City Passes Ordinance For Police To Confiscate “Expensive Clothes” From Kids Who “Look Too Poor To Wear Them”

Police in the city of Rotterdam in the Netherlands are taking a controversial approach to reducing crime.

They’ll soon begin a pilot program targeting young men in designer clothes that the police believe they couldn’t afford legally. If it’s not clear how the person paid for the clothing, the police may confiscate it.

“We know they have clothes that are too expensive to wear with the money they get,” a spokesperson for the department says. “We’re going to look at how they get those clothes, where did they buy them, from where the money came that they buy them.”

Rotterdam police will run the program for a limited time to start, to see how effective it is.

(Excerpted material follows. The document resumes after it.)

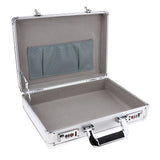 Maxbell Double Locks Aluminium Hairdressing Salon Hair Stylist Tools Hard Carry Case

They’re doing it in collaboration with the public prosecution department, which will help determine what can be legally confiscated.

But while there may be legal reviews of what the police can ultimately keep, they’ll still be taking clothes from those they suspect in the moment. “We’re going to undress them on the street,” Frank Paauw, chief of Rotterdam police, told told De Telegraaf (link in Dutch). He said the suspects often act as if they’re untouchable, and their flashy clothes send the wrong signal to other residents in Rotterdam.

The sorts of items the police will be on the lookout for include “big Rolex[es], Gucci jackets, all those kinds of clothes,” the department spokesperson said. The spokesperson could not say what types of crime they’re hoping to reduce with the program, though drug trafficking among youth gangs has been an issue in the city.

Critics have slammed the idea, saying it will be legally difficult to confiscate anything, and more concerning, it could lead to racial profiling. The potential for racial profiling was also a prominent concern of several young residents of Rotterdam who Vice spoke with about the program.

“Police won’t consider a white guy walking around in an expensive jacket to be a potential drug dealer,” said Quincy, a 20-year-old man. “But it’ll be a different story with minorities.” Others thought the program could cause problems such as resentment between the police and the community they’re hired to protect, and many didn’t understand the logic behind the program.

De Telegraaf reports that the police previously looked at the cars people drove for signs of criminal behavior. The new program apparently takes the approach a step further. If you’re a young man living in Rotterdam or visiting, you may soon need to be mindful of wearing expensive designer clothes, and being able to prove where you got them.